10. How Much is Too Much?

How Much is Too Much?

By now, you've seen a lot of ways of expanding the number of variables that can be depicted in a single visualization. The basic positional axes can handle two variables: one on the horizontal and one on the vertical. You can facet by both columns and rows to add up to two variables. Encodings in shape, size, and color could add as many as three more. However, you should try and resist the temptation to overuse your newfound power, and to instead practice some restraint in the number of variables that you include in any one plot.
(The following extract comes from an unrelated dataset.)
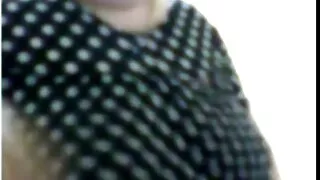 Найз охиныхоо хөхийг долоов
When you have only two variables plotted, A and B, you have only one relationship to understand. Add in a third variable C, and you have three pairwise relationships: A vs. B, A vs. C, and B vs. C. You also need to consider one interaction effect between all three variables: Does the value of C affect the relationship between A and B? With a fourth variable, you have six possible pairwise relationships and four different three-variable interaction effects. This exponential explosion of possible relationships with the number of variables means that there is a potential for cognitive overload if the data isn't conveyed clearly.
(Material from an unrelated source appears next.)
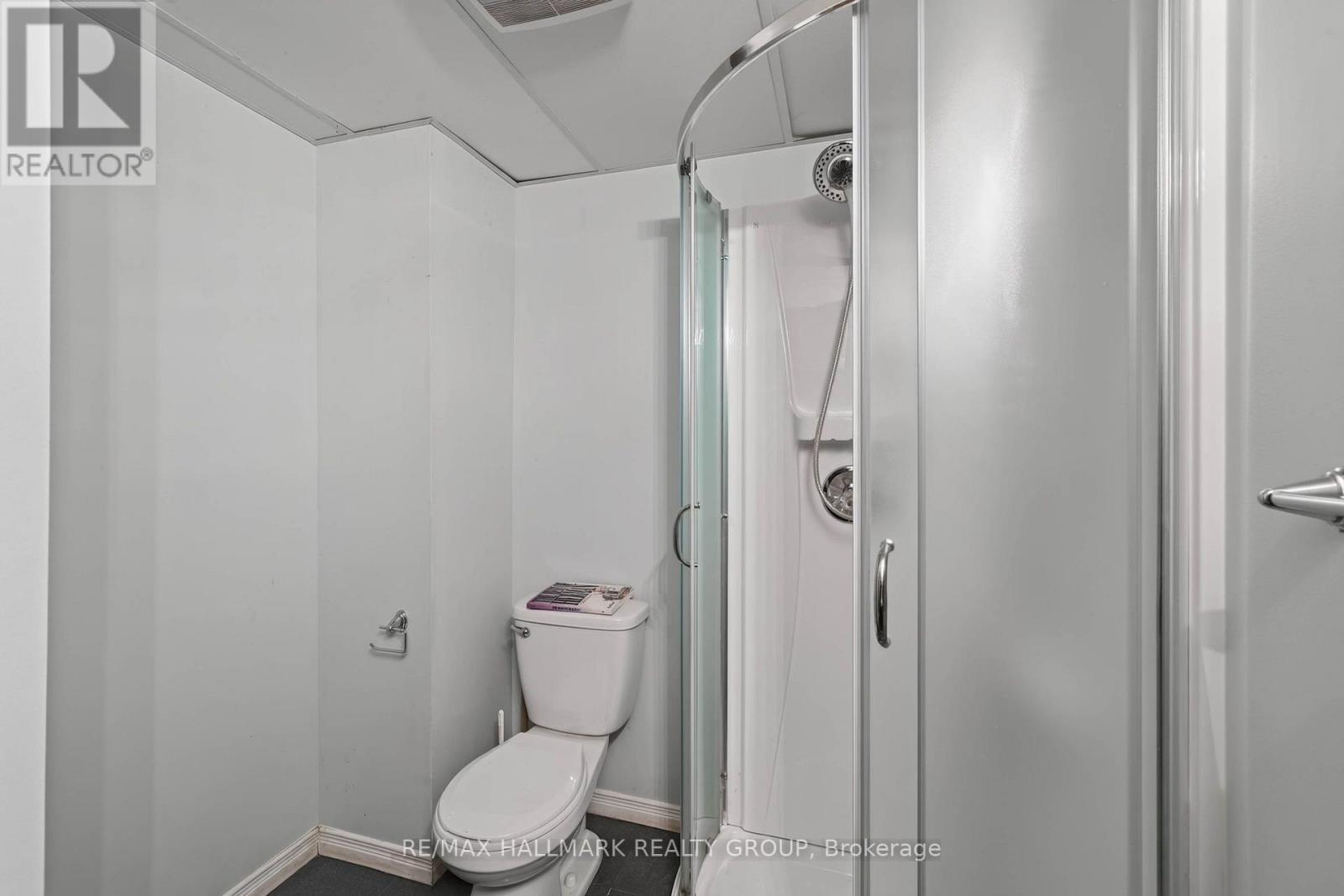 1055 Avignon Court Property Photo 33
This is why it is so important to approach data exploration systematically, rather than just throw as many variables together as possible immediately. When you move from univariate visualizations to bivariate visualizations, you augment your previous understanding of individual distributions by seeing how they relate to one another. If you look at pairwise visualizations before putting together a trivariate plot, then you will have a clear view to how the interaction, if present, changes your previous understanding of the marginal pairwise relationship.

When you move on to explanatory data visualizations, try to limit the number of variables that are introduced at the same time and make sure that the encoding choices convey the main findings to your reader in the clearest way possible. While it's good to keep a soft limit of about three or four variables in a single visualization, you can exceed this if the trends are clear or you introduce features to your reader in a systematic way.